Grevcilere duyulan sempati İsveç sınırlarının ötesine yayıldı. Geçtiğimiz Aralık ayında Danimarkalı taşımacılık sendikası 3F Transport, araçları limanlarda bloke ettiğini duyurdu. Bunu Norveç'te Fellesforbundet ve Finlandiya'da AKT'nin benzer eylemleri izledi. Bu liste uzamaya devam ediyor. Mayıs ayının başında, beyaz yakalılar ve ofis çalışanları sendikası Unionen, Tesla'nın atölyelerindeki greve destek verdi. Bunun sonucunda denetim istasyonları Tesla araçlarına sertifika vermeyi bıraktı.

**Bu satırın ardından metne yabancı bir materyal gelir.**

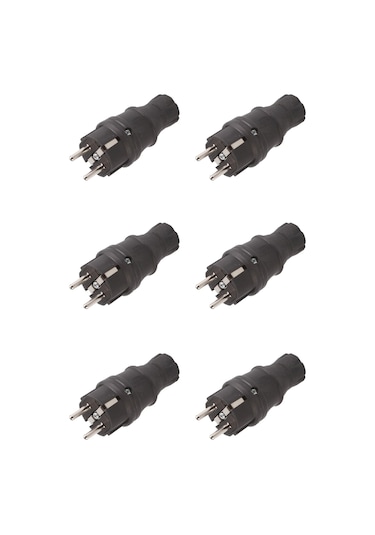 Mutlusan 1X16 Monofaze Topraklı Erkek Düz Fiş- 6'lı Paket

Tesla'nın Almanya'nın Grünheide kentindeki fabrikasında Alman metal işçileri sendikası IG Metall, 2024 yılının başında ilk kez işyeri konseyine girmeyi başardı. Ancak, sendika salt çoğunluğu elde edemedi. IG Metall yeni üyeler kazanmak için kampanyasına devam ediyor.

IF Metall, bu grevi sonuna kadar götürmeye kararlı. Järvklo, "Bu durum, işçilerin hakları ve hayati önem taşıyan pazarlık güçleriyle ilgili" diyor ve ekliyor: "Diğer şirketlere kötü örnek olmasını ve toplu sözleşmelerin reddedilmesini istemiyoruz."

SENDİKALIYIZ GÜÇLÜYÜZ

Sendikanın sekiz aylık mücadeleden sonra pes etmeye niyeti yok. İsveçli sendika, Almanya'daki müttefikleri IG Metall ve ABD'deki Otomobil İşçileri Sendikası (UAW) ile birlikte mücadeleyi sürdürmek için küresel bir strateji konusunda görüşmeler yapıyor.

13 Haziran'da Tesla'nın yıllık hissedarlar toplantısında bir grup yatırımcı “şirket içinde örgütlenme ve toplu pazarlık özgürlüğüne saygı politikası” çağrısı yaptı. Bu öneri, çeşitli işçi sendikalarıyla birlikte kaleme alındı ama şimdilik teklif reddedildi.

Grev gözcüsü Janis’in B planı yok: "Bu toplu sözleşme için aylarca, hatta gerekirse yıllarca grevde kalacağım. Bunu kendimden çok, gelecek nesil için, onların iyi çalışma koşullarına sahip olması için yapıyorum."

Grev çadırında nöbet değişim zamanı geldiğinde Janis evine gitmeden önce, arabasıyla mağazanın önünden yavaşça geçiyor. Camları ve hoparlörleri sonuna kadar açarak “There is Power in a Union” şarkısını çalıyor. Billy Bragg'in punk rock şarkısı şöyle diyor: Sendikalıyız, Güçlüyüz!